“She did,” Frobisher said.
“Did you go, sir?”
“I did.”
Frobisher didn’t elaborate and the desk sergeant didn’t push his luck by asking him to. Frobisher had no small talk, he never had done. It meant that he was a much misunderstood man, presumed to be standoffish, arrogant even. He had tried, God help him, to chat and prattle about the weather or horse-racing, even films, but he ended up sounding like a poor amateur actor. (Well, Constable, how’s that allotment of yours coming on?) His real passions were esoteric, of little interest to the common man or his colleagues in Bow Street, certainly not to his wife—the Berlin Treaty between Germany and the Soviets (how could that end well?) or a demonstration of a “televisor” to the Royal Society by a chap called Baird (like something from an H. G. Wells novel)。 He had an enquiring mind. It was a curse. Even sometimes for a detective.
At home in Ealing, he was saved from the rigours of small talk by mutual incomprehension. His wife was called Charlotte—Lottie—although she had no birth certificate to prove that and Frobisher had his doubts. The detective in him would like to have investigated further, the husband in him thought it wise to leave the subject alone. She was French, or Belgian, she seemed unsure, certainly borderline, plucked from the blighted remains of Ypres at the end of the war with nothing but a bulb of garlic in her pocket, and had no papers to elucidate, and did not care to remember on account of what the doctors called “hysterical amnesia.”

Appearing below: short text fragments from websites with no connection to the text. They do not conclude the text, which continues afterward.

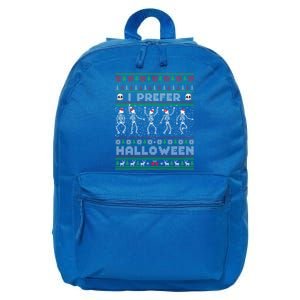 Funny Holiday Ugly Xmas I Prefer Halloween Christmas Great Gift 16 in Basic Backpack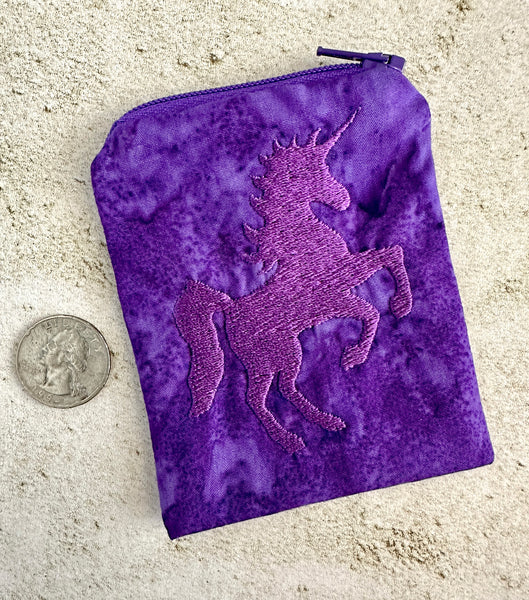 Purple Unicorn Mojo Bag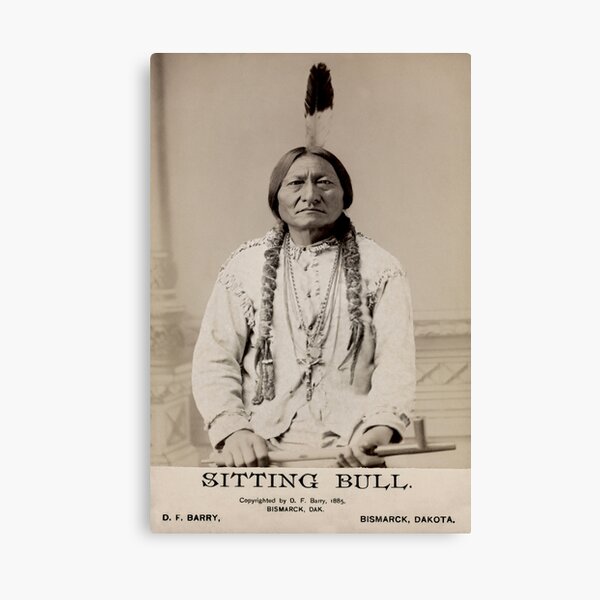 Item preview, Chief Sitting Bull Portrait 1885 designed and sold by Daniel Hagerman.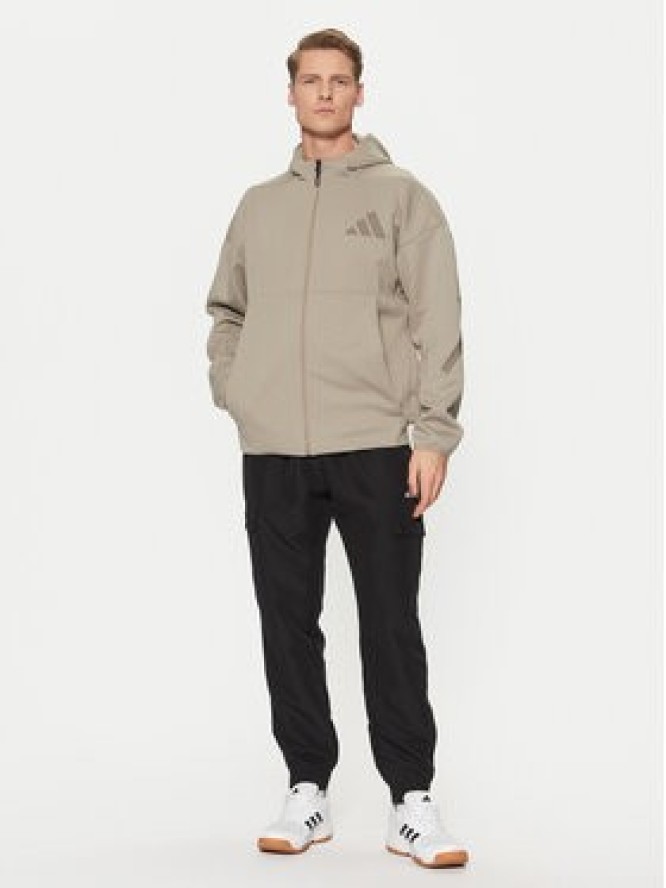 adidas Bluza Z.N.E. JC5495 Beżowy Regular Fit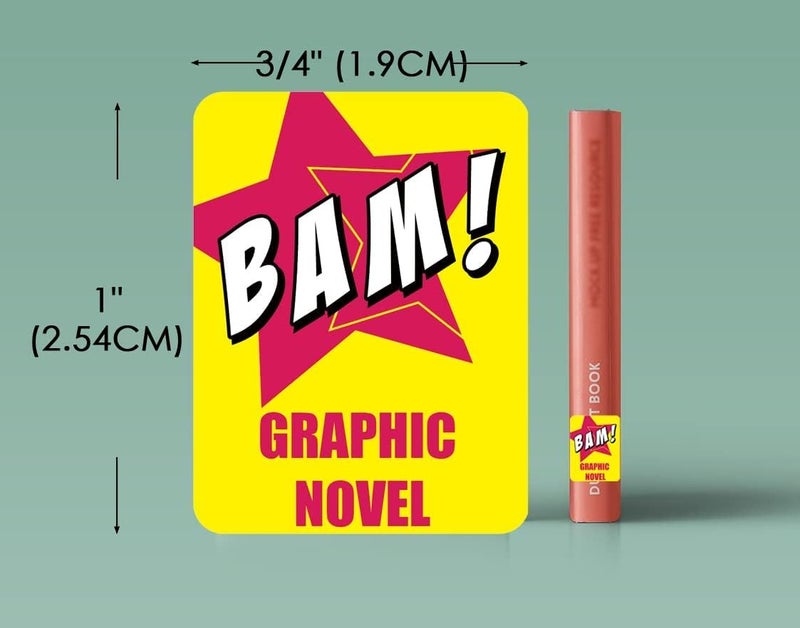 Magictodoor 45 Genre Book Spine Labels for Library | Set of 450 Classroom Library Classification Stickers - Image 4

When younger, Frobisher had imagined many qualities in his future wife, but he had not anticipated hysterical amnesia. Lottie’s story was tragic and complicated—again, something he had not predicted in his future wife.

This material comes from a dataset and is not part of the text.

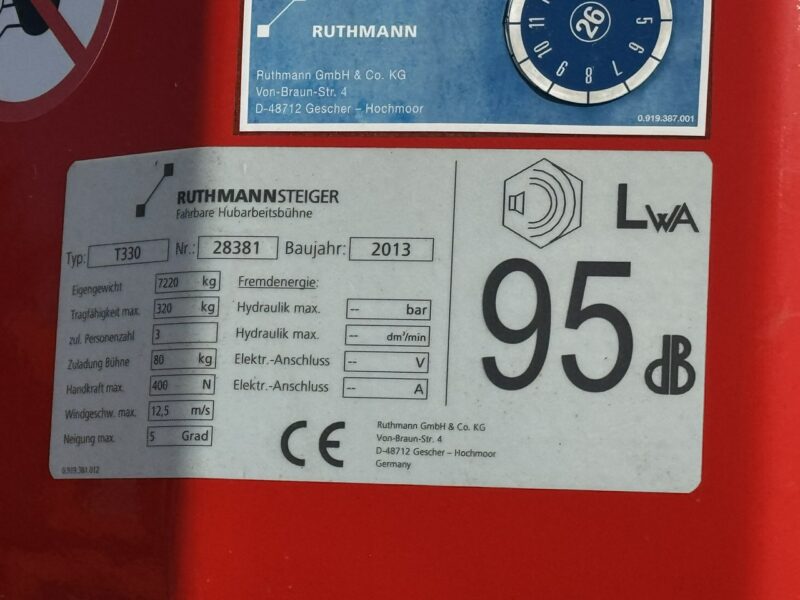 MAN TGL 7.150 Zwyżka Ruthmann T330 33-Metry DMC 7500KG 21m w Bok Jak Wumag GSR PALFINGER Super Stan !!!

A woman, screeching her innocence, was hauled in through the door by two constables, saving Frobisher from further thought.
“Dolly Pargeter, accused of pickpocketing on the Strand,” one of the uniformed constables who was trying to control her said to the desk sergeant.

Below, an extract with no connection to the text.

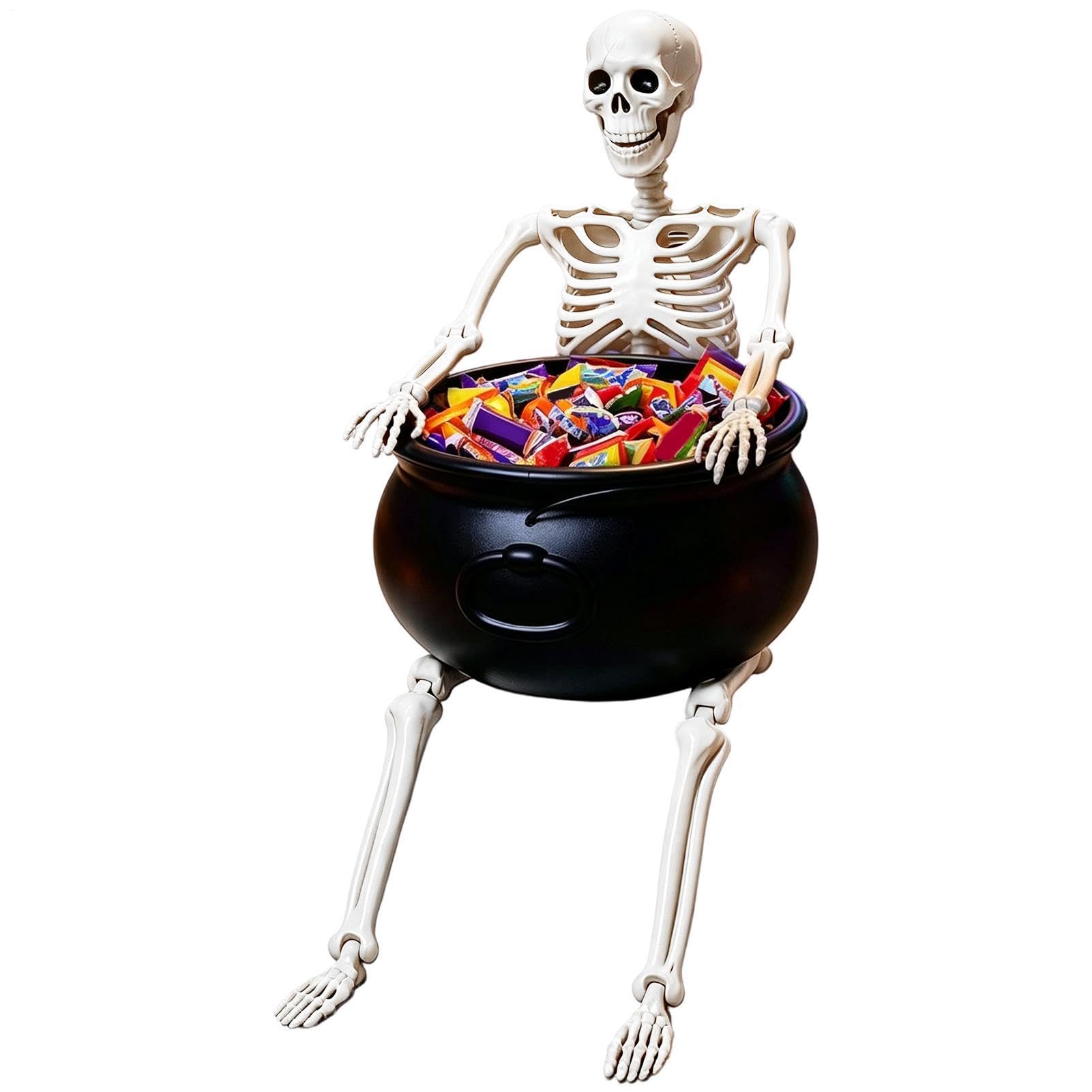 Halloween scheletro Candy Bowl Halloween scherzo spettrale ornamento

“You’re out and about early, Dolly,” the desk sergeant said amiably. “Let’s get you checked into the Ritz, shall we?” His nose twitched, he was being kept from his bacon, but to tend to it would be admitting its existence to Frobisher.
“I’ll be off, then,” Frobisher said reluctantly. He preferred the police station to his Ealing terrace, which said much about the Ealing terrace. As he turned to go, the desk sergeant said, “Sir, I forgot—a girl washed up, fished out from the pier at Tower Bridge. She’s probably still in the Dead Man’s Hole. Thought you’d want to know.” Frobisher took an almost unhealthy interest in dead girls, in the opinion of Bow Street.
“Thank you, Sergeant,” Frobisher said, grateful to be reprieved from Ealing. “I’ll take a look.”
“It’s your day off, sir,” the desk sergeant reminded him.
“Crime never sleeps,” Frobisher said testily. He sounded priggish, he knew. “By the way, Sergeant—”
“Yes, sir?”
“I think your bacon’s burning.”
Frobisher couldn’t help smiling to himself as he made his way out of the station. That would serve them right for not including him, he thought.
As he crossed the road, he was forced to do a neat quickstep to avoid an approaching motorcycle. An Enfield, the rider anonymous behind goggles and leather helmet. How easy it would be to be killed on the streets of London. By accident or design.
An Awkward Age
Even before the Cokers were piling into their Bentleys outside Holloway, fourteen-year-old Freda was awake, roused by the shouts and tuneless singing of the night porters in Covent Garden market as they unloaded the lorries that started rumbling in at midnight from all over the country—apples from Evesham, mushrooms from Suffolk, exotica from all over the world.
Since running away from home, Freda—Alfreda Murgatroyd—had been renting an attic room in a dingy boarding house in Henrietta Street, so close to the market that she could swear she could smell the rotting cabbage leaves trodden underfoot. Freda had come to London to find her fortune, to become a star of the West End stage. She had not yet been discovered, but her courage had held and this Saturday she was to have an audition. Her life, she was sure, was about to change.
Although small, Freda looked older than her years. For a pretty girl, she was surprisingly lacking in vanity about her looks, which she considered to be more a matter of chance than anything else. Or God-given, if you believed that God gave beauty as a gift, which seemed unlikely. It was more like the kind of trick that the Greek gods played on people—a curse rather than a gift. One of the few books Freda had read was an illustrated anthology of Greek myths (A Child’s Guide) that she had found abandoned on the seat in a train carriage when she was ten years old. It was hardly a helpful primer for life.